Much more often than not though, I use ET for one thing, and that’s wrapping handlebars. My supply even lives in the section of my tool chest reserved for bike tools, nestled there next to the lockring thing-a-ma-jigger and the mysterious fourth-hand tool, also known as the cable-stretch-doinker.
Electrical tape is so good at securing bar tape to handlebars that everyone I know throws out the short sections of tape that come with a fresh roll, the bits that are made to do what ET does better. I suppose it’s possible we’ve all been employing this janky-ass solution so long that we’ve come to expect to see electrical tape finishing off a wrap job. Maybe we’ve brainwashed ourselves into thinking it’s better, when really it’s just what we’ve always done.
The thinness of ET makes it a better solution than most of the purpose-made tapes, and it has the perfect degree of adhesion too, I can pull it off over and over without shredding the precious bar tape’s cork/foam/gel, and I’m going to be doing wrapping and rewrapping, because as bad as I am at it, I’m even worse at riding around with badly wrapped bars.
Here too, the staggering cheapness of ET boosts its consumer value, because if it cost a lot, I wouldn’t feel comfortable throwing so much away, just to get 2.5 inches of perfectly-aligned and unwrinkled ET applied to my bi-annual rewrap.
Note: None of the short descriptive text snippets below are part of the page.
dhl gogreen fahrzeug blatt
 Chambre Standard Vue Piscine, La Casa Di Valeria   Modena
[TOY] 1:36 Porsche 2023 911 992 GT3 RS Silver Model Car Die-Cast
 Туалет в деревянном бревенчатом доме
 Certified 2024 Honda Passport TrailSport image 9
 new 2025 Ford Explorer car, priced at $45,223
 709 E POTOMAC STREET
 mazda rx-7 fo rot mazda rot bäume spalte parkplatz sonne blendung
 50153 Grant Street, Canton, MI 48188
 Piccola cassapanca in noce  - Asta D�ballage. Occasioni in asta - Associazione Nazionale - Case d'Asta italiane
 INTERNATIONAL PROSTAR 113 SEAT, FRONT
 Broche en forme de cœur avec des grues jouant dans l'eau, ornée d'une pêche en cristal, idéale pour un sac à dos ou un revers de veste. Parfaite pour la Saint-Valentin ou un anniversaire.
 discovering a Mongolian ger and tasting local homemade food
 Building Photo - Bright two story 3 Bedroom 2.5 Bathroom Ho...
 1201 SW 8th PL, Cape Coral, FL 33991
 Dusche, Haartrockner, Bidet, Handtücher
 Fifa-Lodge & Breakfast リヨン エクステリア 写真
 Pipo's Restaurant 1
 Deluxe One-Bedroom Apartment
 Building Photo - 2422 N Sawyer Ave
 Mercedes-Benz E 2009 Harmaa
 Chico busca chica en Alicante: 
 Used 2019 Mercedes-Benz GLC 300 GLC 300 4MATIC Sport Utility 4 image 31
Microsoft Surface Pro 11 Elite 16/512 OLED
Unlike when we were new to this whole ritual, now if you go to the hardware store you’ll find ET in a wide array of colors, so you can even match yours to the paint job on your bike, the anodization of your components, or to your birthstone. I’m not judging (JK, I’m totally judging. The only acceptable color is black).
ET has other, cycling-specific, off-label uses as well. It secures cable housing to bars in just the right way. I’ve seen it used to mitigate cable rub with liberal application at both headtube and downtube. ET will tell you exactly how far to insert your seatpost, and in a pinch, it’ll secure that rag you jammed between the two bikes on your hitchrack to keep them from cannibalizing each other on the way to the ride.
I’ve even seen water bottle cages ET’d onto a frame after the frame’s rivnuts gave up the ghost. This I can’t approve of, even if it is effective, because it tells me you don’t love your bike, and every bike deserves to be loved. Don’t be a monster. Put the tape away.
Here’s how you know that ET is a perfect product. Park Tool doesn’t make any. As part of the deep research I performed for this column, I went to the Park website and searched for “tape.” They’d sell me a tape measure, a frame tap, and even a pair of scissors for cutting my ET, but the great blue dictator of bike maintenance can’t improve on electrical tape and that should tell you all you need to know.